The men's hammer throw event was part of the track and field athletics programme at the 1920 Summer Olympics. The competition was held on Wednesday, August 18, 1920. 12 throwers from 5 nations competed; four from Sweden, four from the United States, two from Canada, one from Great Britain, and one from Finland. No nation had more than 4 athletes, suggesting the limit had been reduced from the 12 maximum in force in 1908 and 1912. The event was won by Patrick Ryan of the United States, the nation's fifth consecutive victory in the event. Carl Johan Lind took silver, earning Sweden's first medal in the hammer throw. Another American, Basil Bennett, earned bronze.

Background

This was the fifth appearance of the event, which has been held at every Summer Olympics except 1896. Four of the 14 competitors from the pre-war 1912 Games returned: gold medalist Matt McGrath of the United States and three Swedes: fourth-place finisher Robert Olsson, fifth-place finisher Carl Johan Lind, and seventh-place finisher Nils Linde. McGrath, who would earn seven AAU championships from 1908 to 1926, and fellow American and world-record holder Patrick Ryan, who would win eight AAU championships in that time, were expected to dominate the event.

Finland made its debut in the event.
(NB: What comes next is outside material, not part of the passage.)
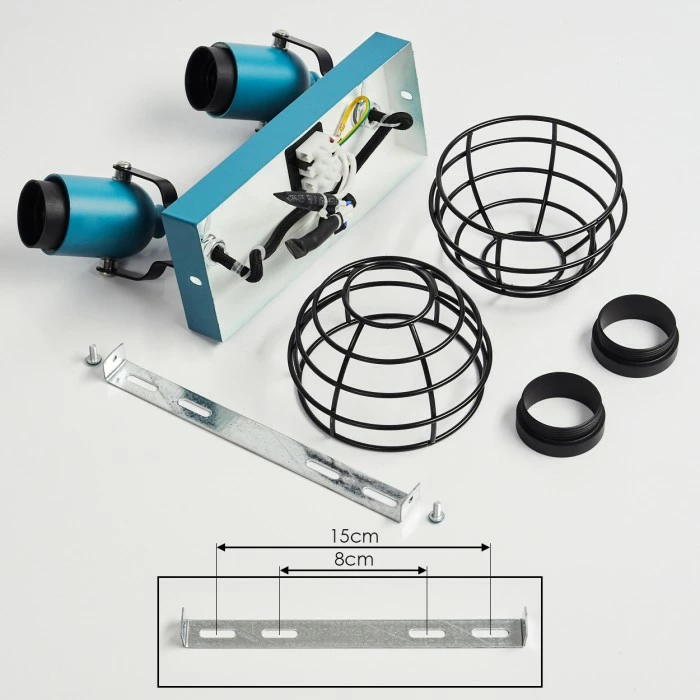 Hofstein Builako Deckenleuchte Blau, Schwarz, 2-flammig – Bild 5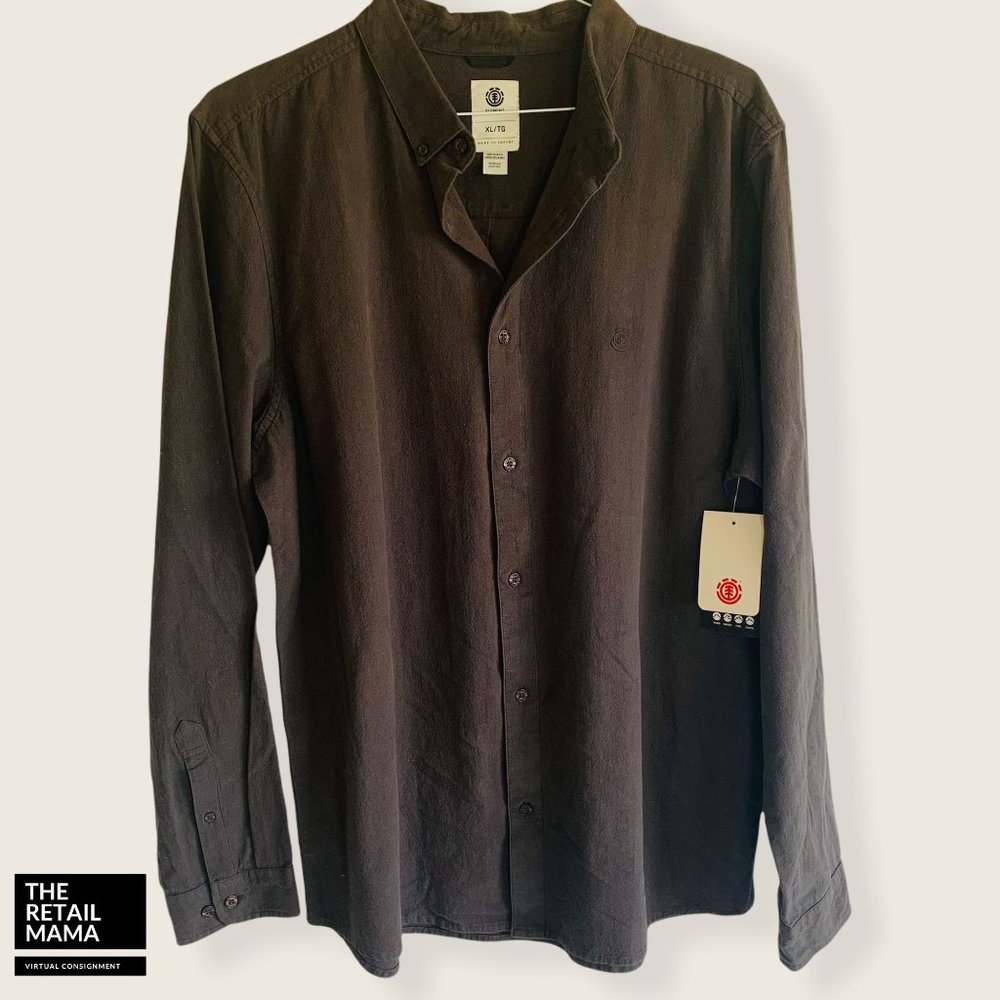 NWT Element Mens Long Sleeve Button Up Shirt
The United States appeared for the fifth time, the only nation to have competed at each appearance of the event to that point.

Competition format

The competition continued to use the divided-final format used since 1908, with results carrying over between "rounds". The number of finalists expanded from three in previous Games to six in 1920. Each athlete received three throws in the qualifying round. The top six men advanced to the final, where they received an additional three throws. The best result, qualifying or final, counted.

Records

These were the standing world and Olympic records (in metres) prior to the 1920 Summer Olympics.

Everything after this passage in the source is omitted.